Week 9 (belatedly) / Fall 2023: Sights and Sounds from a Walkout
This is not about a book. But about a “reading” that I did out in the world.
Two weeks ago, I attended my first academic conference—the American Studies Annual Meeting—in Montréal. The experience, perhaps because of my own making, had an intensity that I have never experienced. In short, I was having a hard time making choices—so I just did everything. And I was worn by the end of each day. But in a way that made me feel filled and engaged and inspired.
On the second day of the conference, the day after I had presented my paper, I began hearing rumblings about a Walkout for Palestine. My reactions to this feel complicated, and like something I don’t necessarily want to publish onto the interweb without context, but suffice it to say, there was nuance. I understand the gesture. I am politically, and spiritually, aligned with the calls to action that students at Brown, for instance, have demanded of our University: for ceasefire, divestment, and protection of our Palestinian students, faculty, and staff. And, still, I could not help but to wonder about my classmates who were at the conference, black and brown folks who had paid their way to get to Montréal, maybe to present at a conference for the first time, whose panels were effectively being canceled.
And, frankly, I did not know if I wanted to participate, or if I wanted to stay behind and maybe be the lone audience member at a panel. In the weeks that have followed, I’ve had other conversations with fellow graduate students who wondered what it meant to stage a walkout that effectively cancels opportunities to engage in discussions of empire and capitalism and antiblackness and war. I have a lot of thoughts about how it was all done, and who it was for, and who it impacted, what we were walking out from (in contrast to student protestors who are staging a walkout in opposition to their institutions), but that’s not actually what I wanted to talk about here. Not today anyways.
So, the short of it is that, after a conversation with a friend on the morning of the walkout, I decided to go. It was something between resignation and curiosity: I was not sure if people would actually be holding their panels anymore that afternoon, and there was no way (that I was privy to) to find out—and, I figured I would just go and see how it felt to be out there.
And immediately, there was so much to read. The first thing I noticed was the way that people greeted each other: there was so much excitement, buzz, almost a thrill to be gathered out there. And I wondered about how such affects fit into the experience as a whole: how these affects, these feelings, expressions of emotion, fit into the point of being out there. And what we all understand the point to be. I was taken, similarly, by the chants—specifically, I was taken by the moments that followed the chants, which were filled with cheering and clapping, not dissimilar from a sporting event: a crowd singing the National Anthem, a crowd enacting The Wave™ successfully, a crowd effectively heckling the opposing team all at once—and then, cheering, celebrating the moment that preceded, the crowd congratulating itself. It felt like that: a chant about genocide, and then cheering. And I wondered how those two things could possibly map onto each other. Or what the cheering afforded the cheerers. I wondered a lot about the cops that facilitated the ability for this large crowd to take to the streets. I wondered about the majority of the chants being in English, even though most locals who I encountered throughout the week opened conversations with French. All toward wondering, I suppose, how long this had been planned.
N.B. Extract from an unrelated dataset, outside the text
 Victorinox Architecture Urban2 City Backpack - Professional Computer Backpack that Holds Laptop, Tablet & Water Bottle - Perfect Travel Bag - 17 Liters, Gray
Mostly, I wondered a lot about silence. About quiet. About what it would be like for our arrival into the space to feel solemn, instead. Like a funeral. Like a wake. Like a memorial. What it would feel like to not immediately go to find our friends, to be texting as we gathered, to be catching up as we waited for the moment to begin. What it would feel like to the cops, or the people we passed on the streets, to see hundreds? thousands? gathered in silence. I wondered if that could unsettle the things that we expect from protest. If it might open something up about how we understand the world and our places in it. And if it would feel differently in my own body. I was acutely aware of the ways that I longed for solemnity throughout the whole of it, and found my head cast downward, my hands clasped behind my back, an inward turn marked by slower, quieter steps—and I wondered what that meant about me. And my relationship to moments like these.